_What to do_: Your answer must consist only of the lines from the start of the entries through the line that holds "Eliana Duarte at a blackboard", copied exactly, with no pictures.

────────────────────

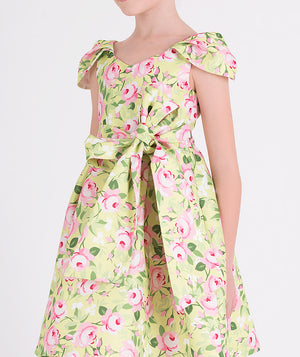 green floral dress with a bow on the waist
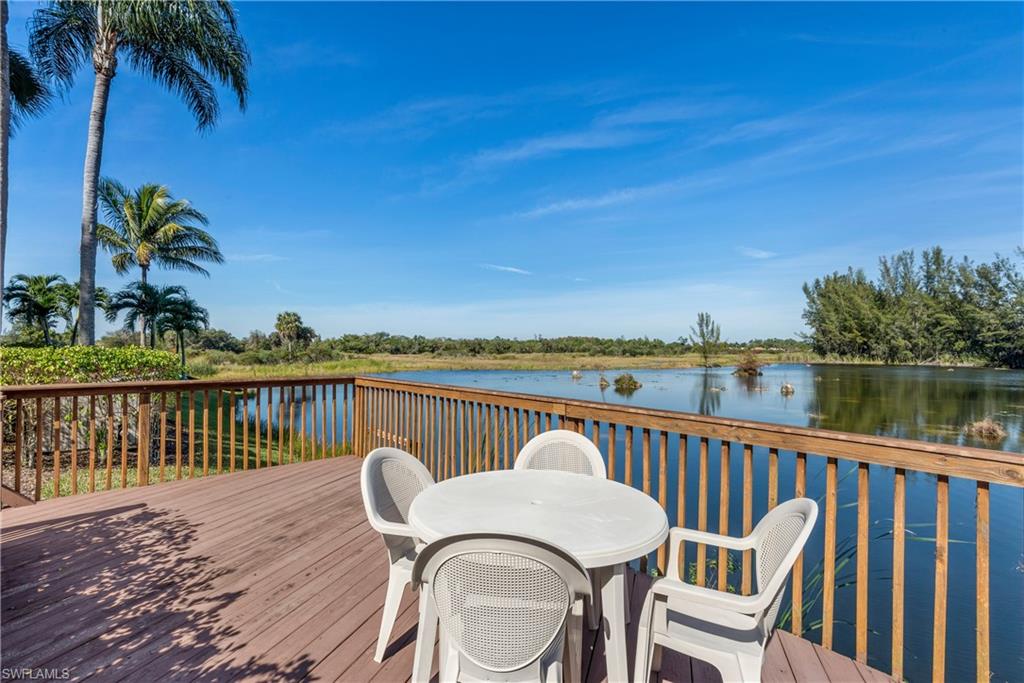 7119 Lakeridge View Court, Unit 302 Fort Myers, FL 33907 - Photo 44 of 44 a view of a roof deck with chair and wooden floor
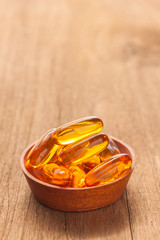 A bowl of Fish oil capsules on wooden texture, vertical view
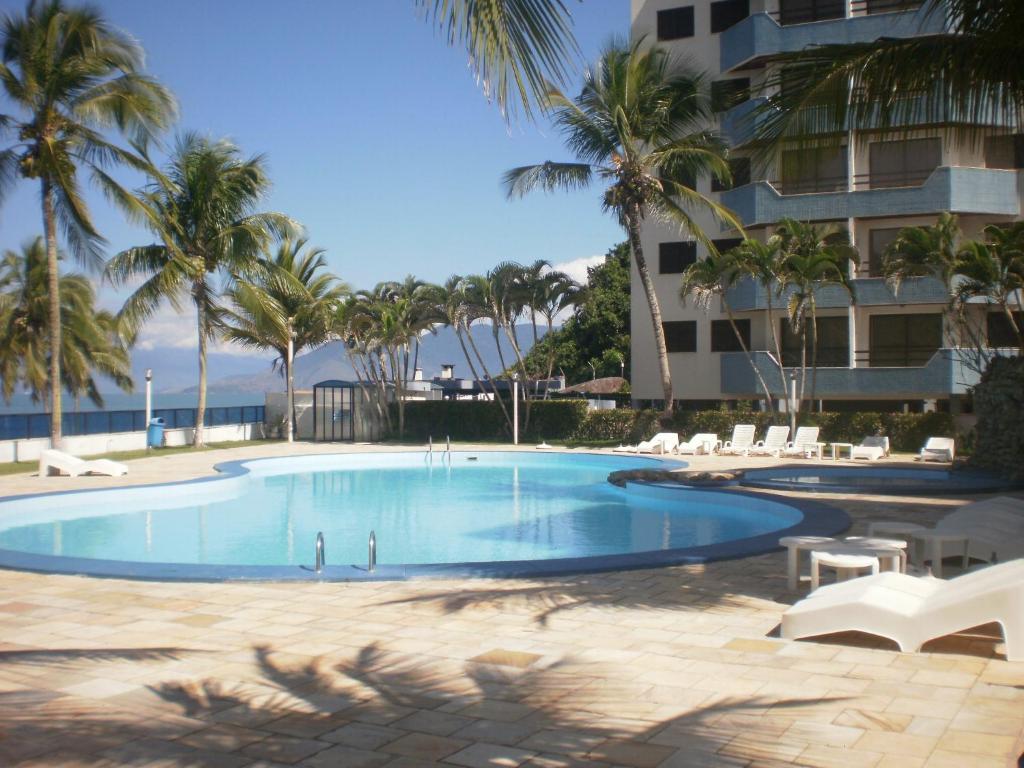 a swimming pool with palm trees and a building at Apartamento Beira Mar in Caraguatatuba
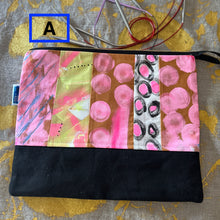 Load image into Gallery viewer, Colorful fabric pouch with various patterns on a textured surface
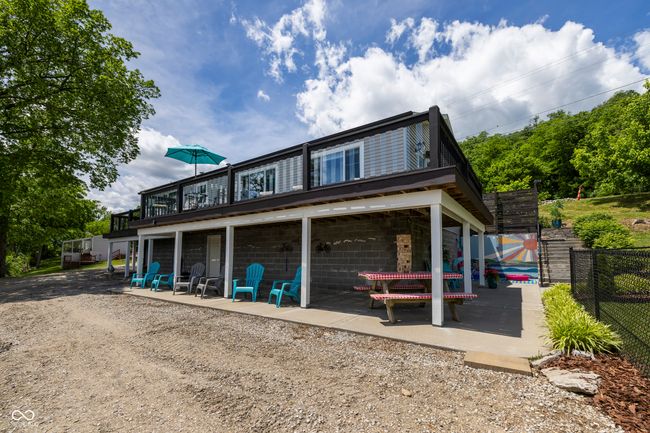 rear view of property featuring a wooden deck | Image 59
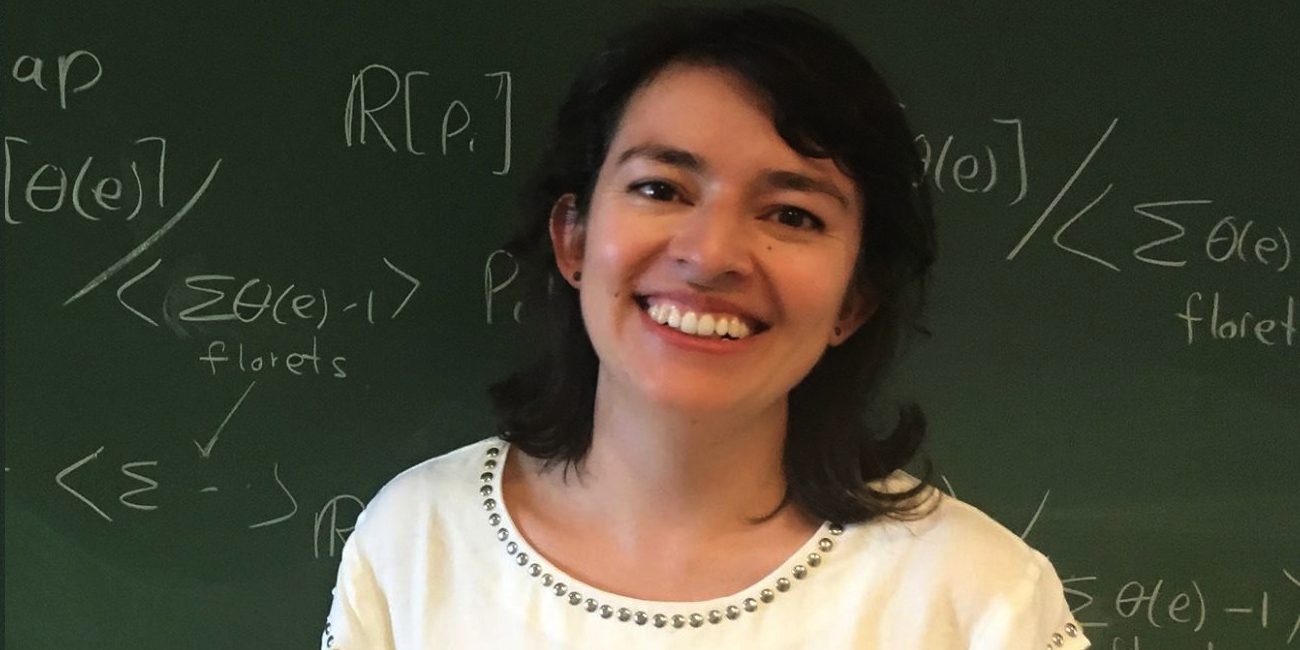 Eliana Duarte at a blackboard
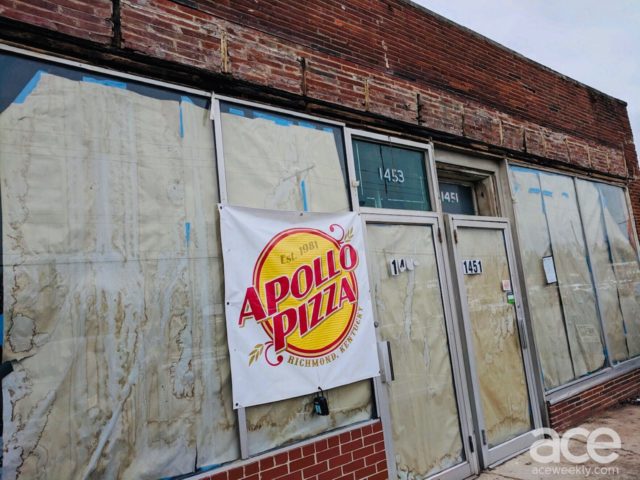an outdoor shot of a buliding with brown paper in windows and an apollo's pizza sign
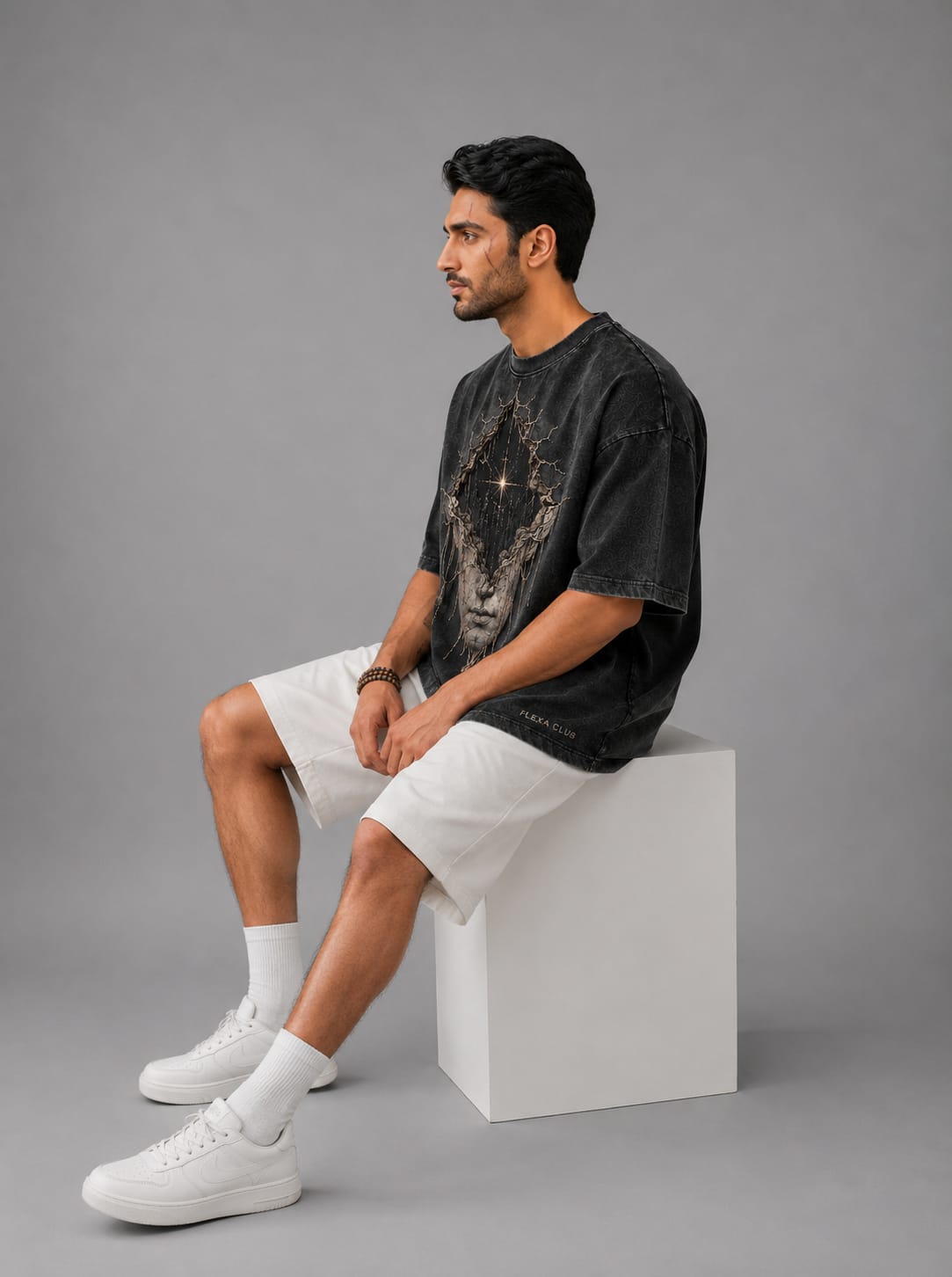 A model shown sitting down from the side on white stool, on a light gray background, wearing a dark gray acid washed drop shoulder T-Shirt with a cosmic themed white sculpture of a face.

────────────────────

_Task answer_:
 green floral dress with a bow on the waist
 7119 Lakeridge View Court, Unit 302 Fort Myers, FL 33907 - Photo 44 of 44 a view of a roof deck with chair and wooden floor
 A bowl of Fish oil capsules on wooden texture, vertical view
 a swimming pool with palm trees and a building at Apartamento Beira Mar in Caraguatatuba
 Load image into Gallery viewer, Colorful fabric pouch with various patterns on a textured surface
 rear view of property featuring a wooden deck | Image 59
 Eliana Duarte at a blackboard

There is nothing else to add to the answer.